Los demás circunstantes, que eran todos chusma agregada al toldo, no se sentaron hasta que Epumer se lo insinuó.
La conversación roló sobre las costumbres de los indios, pidiéndome disculpas de no poder obsequiarme, en razón de su pobreza, como yo lo merecía.
Un cristiano bien educado, modesto y obsequioso, no habría hecho mejor el agasajo.
Epumer me presentó su mujer, que se llamaba Quintuiner, sus hijas, que eran dos, y hasta las cautivas, cuyo aire de contento y de salud llamó grandemente mi atención.
-¿Cómo les va, hijas? -les pregunté a éstas.
-Muy bien, señor -me contestaron.
-¿No tienen ganas de salir?
No contestaron y se ruborizaron.
Epumer me dijo.
-Si tienen hijos, y no les falta hombre.
Las cautivas añadieron: -Nos quieren mucho.
-Me alegro -repuse.
Una de ellas, exclamó:
Ojalá todas pudieran decir lo mismo, güeselencia.
Era una cordobesa.
Epumer les indicó a su mujer y a sus hijas que se sentaran, y mandó que sirvieran la comida.
Obedecieron.
Estaban vestidas con lo más nuevo y rico que tenían.
El pilquen era de paño encarnado bastante fino: los collares y cinturones, las pulseras de pies y manos, de cuentas, los grandes aros en forma triangular y el alfiler de pecho, redondo, de plata maciza labrada.

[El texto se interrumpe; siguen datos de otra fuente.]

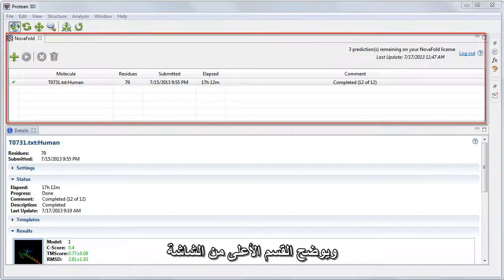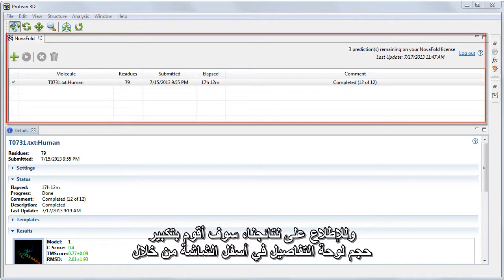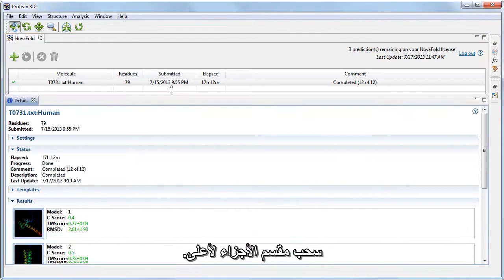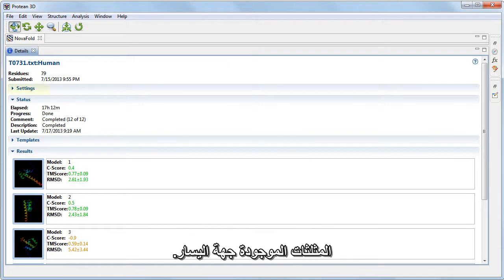The top part of the screen shows what the NovaFold panel looks like after all 12 of 12 steps have been completed. To see our results, I'm going to maximize the Details panel at the bottom of the screen by pulling the pane divider upward. The Details panel contains five sections that can be shown or hidden using the triangles to the left.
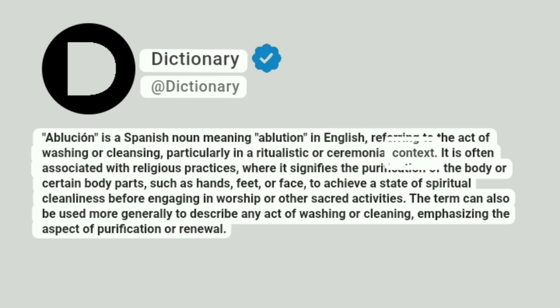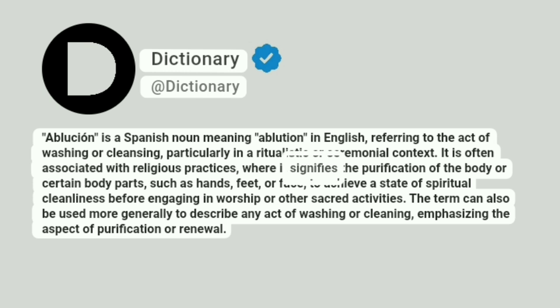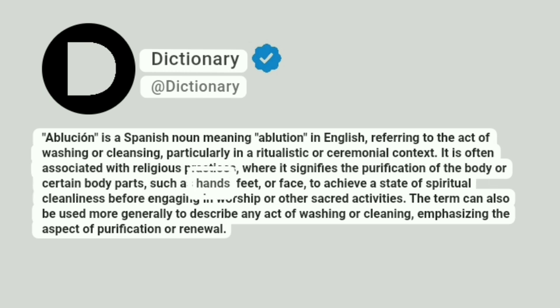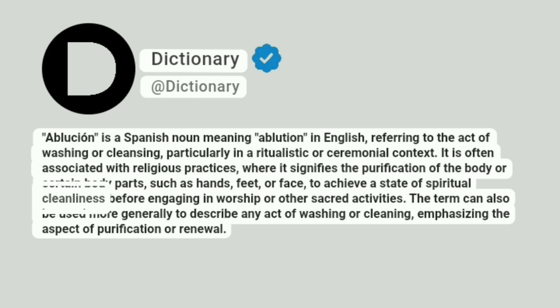It is often associated with religious practices, where it signifies the purification of the body or certain body parts, such as hands, feet, or face, to achieve a state of spiritual cleanliness before engaging in worship or other sacred activities.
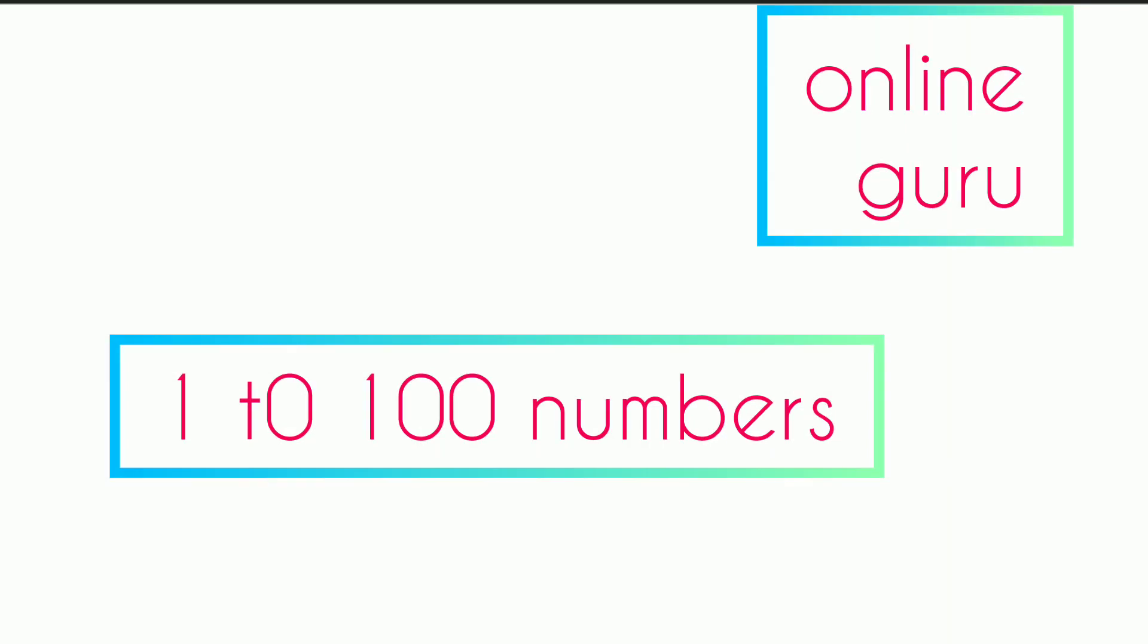1 to 100 numbers. 1, 2, 3, 4, 5, 6, 7, 8, 9, 10.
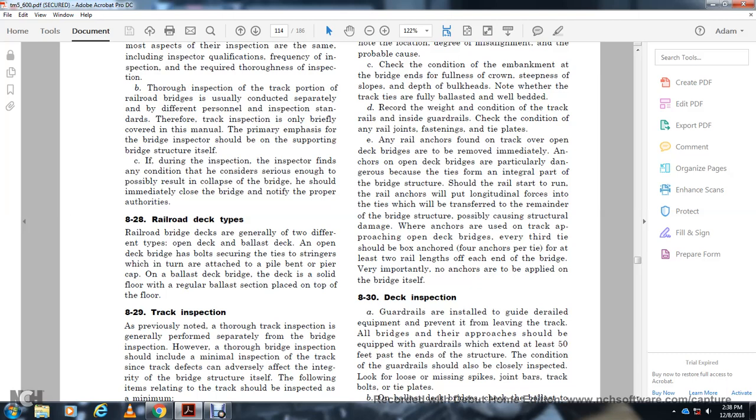Section 828, Railroad Deck Type. Railroad bridge decks are generally of two different types: open deck and balance deck. With open deck, the bridge has ballast, the girders and stringers are attached to piles, bent caps, or pier caps. With balance deck bridge, the deck is solid with floor beams and stringers placed on top of the floor.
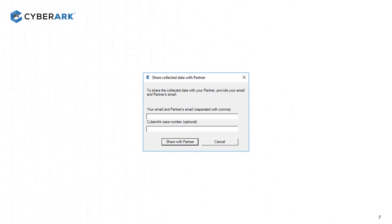If you choose Option 1 to share with a partner, you must provide your email address and the CyberArk case number if it exists, then click on Share with Partner.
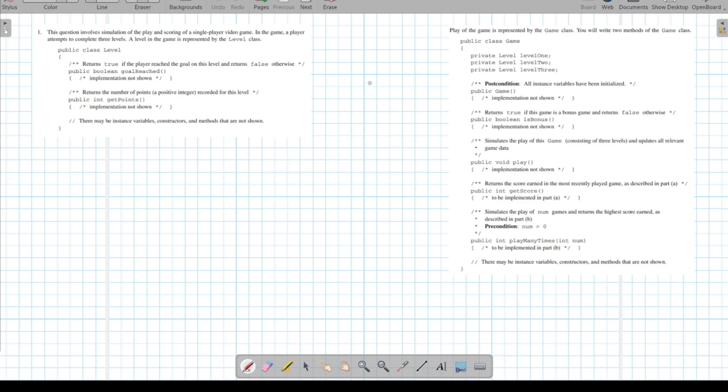Howdy, this is Mr. Potter. The 2022 computer science free response questions were released on Friday, so I thought we'd go ahead and work through them, see if we understand what they're asking and how the College Board may grade them. So let's take a look at problem number one.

La manta era, contra la costumbre, de pañuelo escocés de lana. Se habían pintado los labios y las uñas de las manos con carmín, se habían puesto muchos lunarcitos negros en las mejillas y sombreado los párpados inferiores y las pestañas.
Estaban muy bonitas.
La mujer de Epumer, sobre todo, me recordaba cierta dama elegantísima de Buenos Aires, que no quiero nombrar.
¡Pero no faltaría más; compararla a ella, tan simpática y prestigiosa por la gracia y la belleza, por su carácter dulce, su talle flexible como el mimbre, su voz de soprano, que tan bien interpreta los acentos delicados de Campagna, con una china! Trajeron la comida, platos de loza, cubiertos, vasos y mantel. Empezamos por pasteles a la criolla. Una cautiva los había hecho. Aunque acababa de almorzar con Mariano, comí dos. Luego trajeron carbonada con zapallo y choclos. Epumer me dijo que me habían buscado el gusto, que le habían preguntado a mi asistente lo que me gustaba. No pude rehusar y comí un plato. Estaba inmejorable; la carne era gorda, la grasa finísima.
En seguida vino el asado, de cordero y de vaca, después puchero. El pan eran tortas al rescoldo. El postre fueron miel de avispa, queso y maíz frito pisado con algarroba.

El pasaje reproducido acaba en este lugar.